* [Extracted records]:
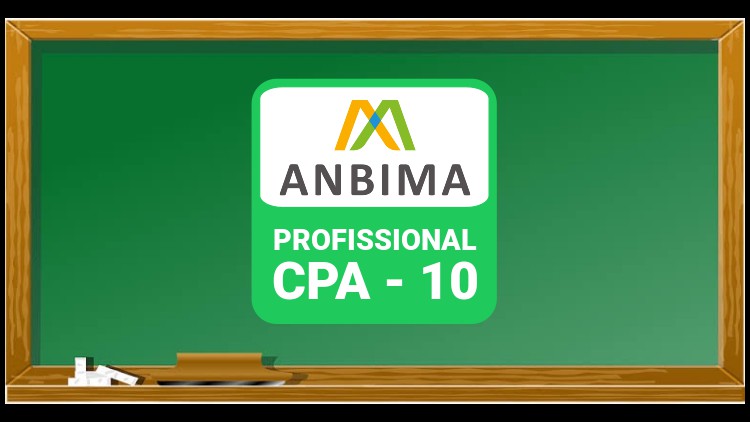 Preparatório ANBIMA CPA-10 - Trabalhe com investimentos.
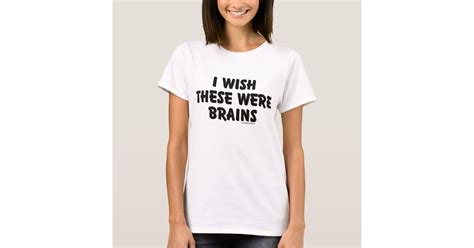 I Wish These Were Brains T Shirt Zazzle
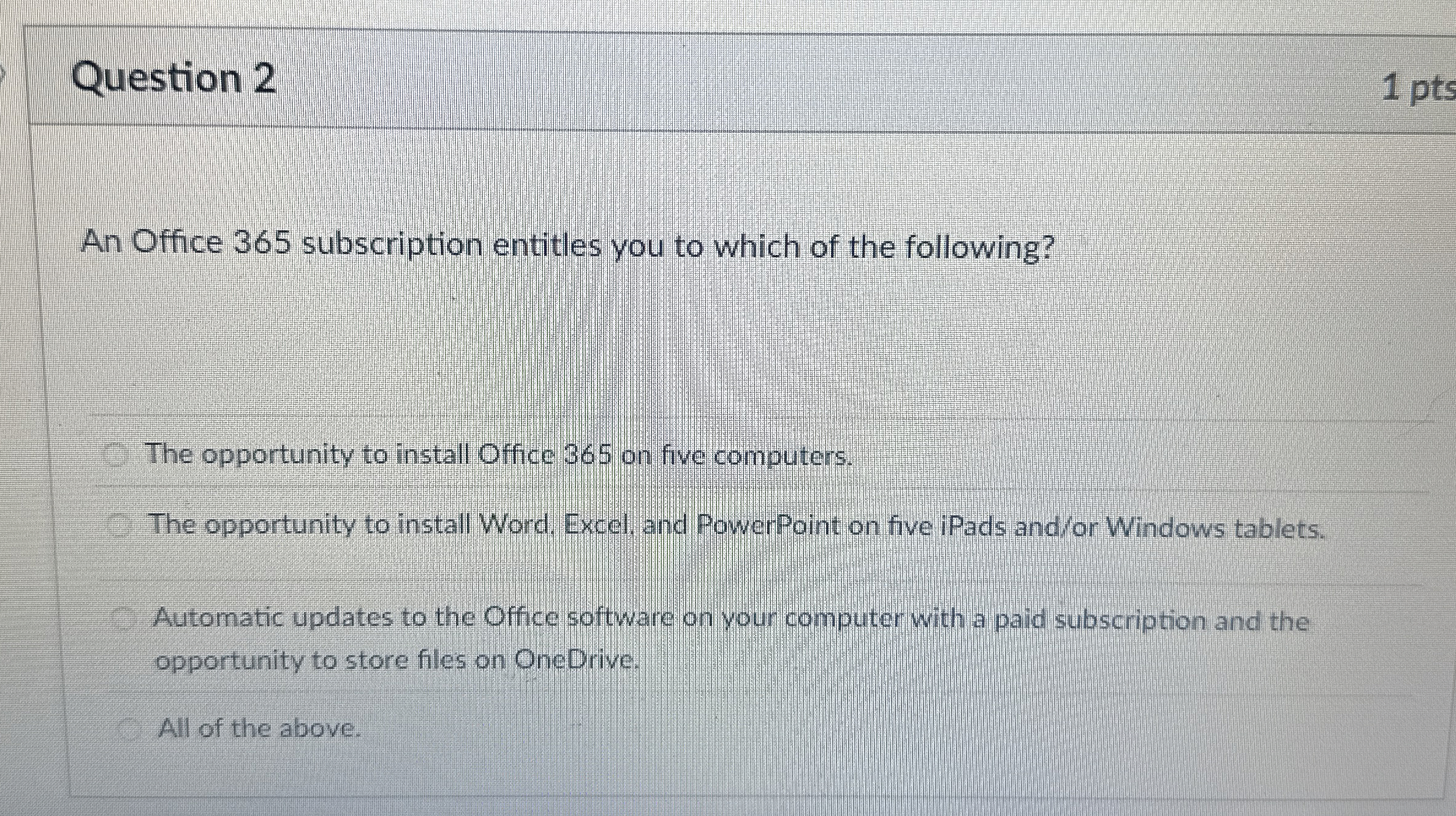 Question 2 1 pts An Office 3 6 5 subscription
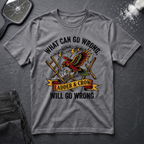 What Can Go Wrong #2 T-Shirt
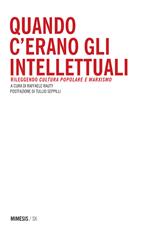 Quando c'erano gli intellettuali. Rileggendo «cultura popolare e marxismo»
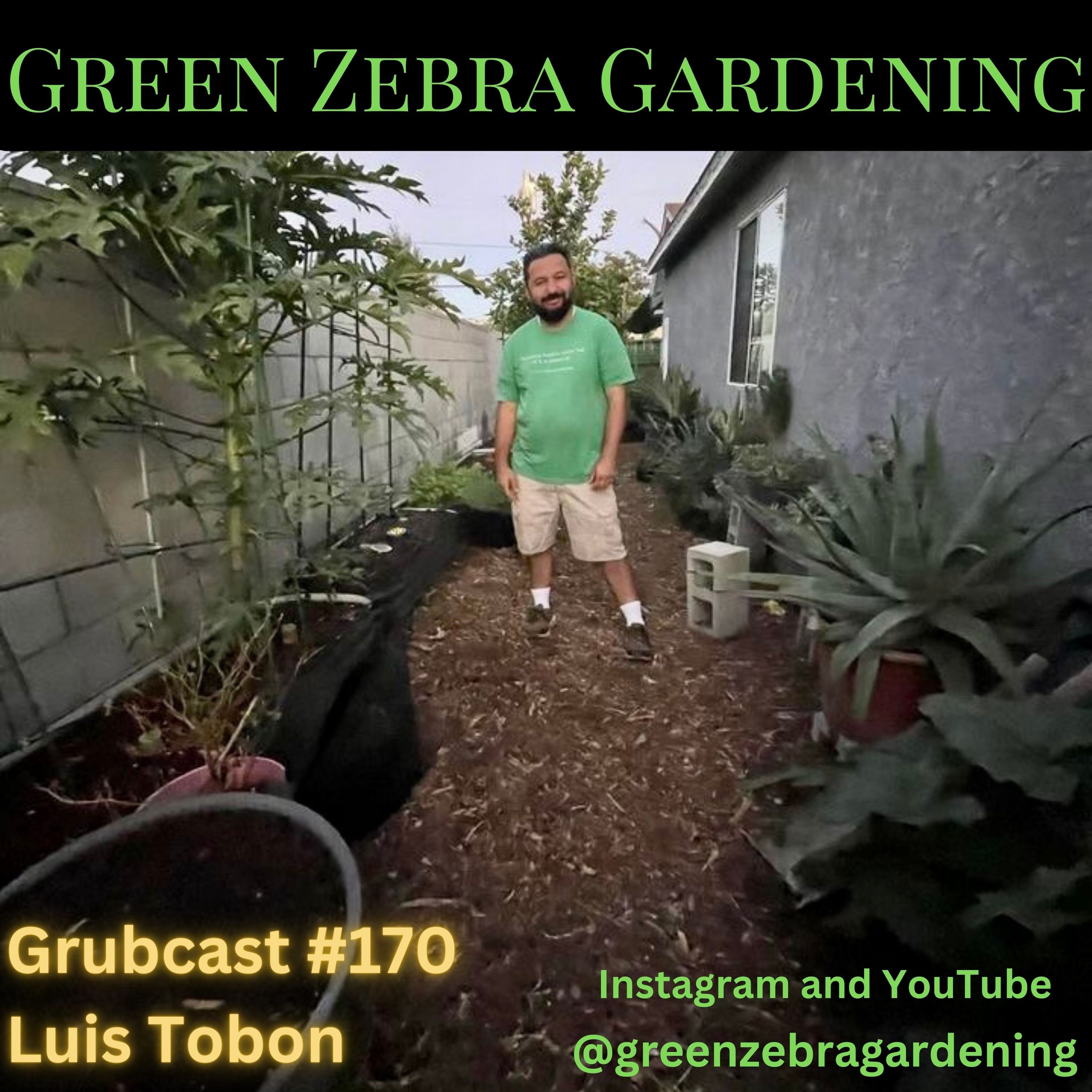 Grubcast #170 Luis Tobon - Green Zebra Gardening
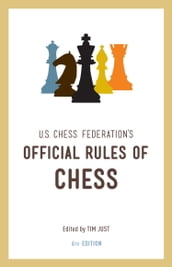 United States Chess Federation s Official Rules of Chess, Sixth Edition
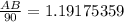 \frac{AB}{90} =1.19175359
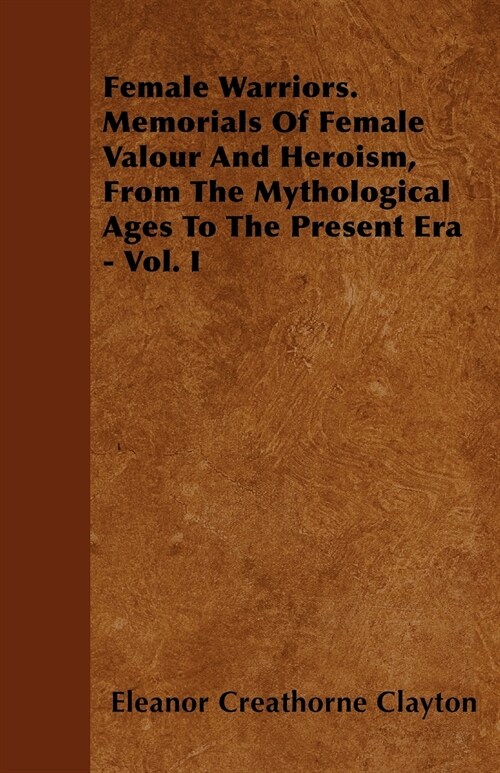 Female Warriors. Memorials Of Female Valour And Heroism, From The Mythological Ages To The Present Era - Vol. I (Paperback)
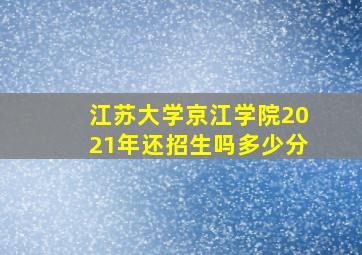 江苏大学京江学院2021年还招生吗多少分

* [WHAT IS NEEDED]: When you output the entries, keep each line exactly as it is and leave out any pictures.

* [ANSWER FOR THIS EXERCISE]:
 Preparatório ANBIMA CPA-10 - Trabalhe com investimentos.
 I Wish These Were Brains T Shirt Zazzle
 Question 2 1 pts An Office 3 6 5 subscription
 What Can Go Wrong #2 T-Shirt
 Quando c'erano gli intellettuali. Rileggendo «cultura popolare e marxismo»
 Grubcast #170 Luis Tobon - Green Zebra Gardening
 United States Chess Federation s Official Rules of Chess, Sixth Edition
 \frac{AB}{90} =1.19175359
 Female Warriors. Memorials Of Female Valour And Heroism, From The Mythological Ages To The Present Era - Vol. I (Paperback)
 江苏大学京江学院2021年还招生吗多少分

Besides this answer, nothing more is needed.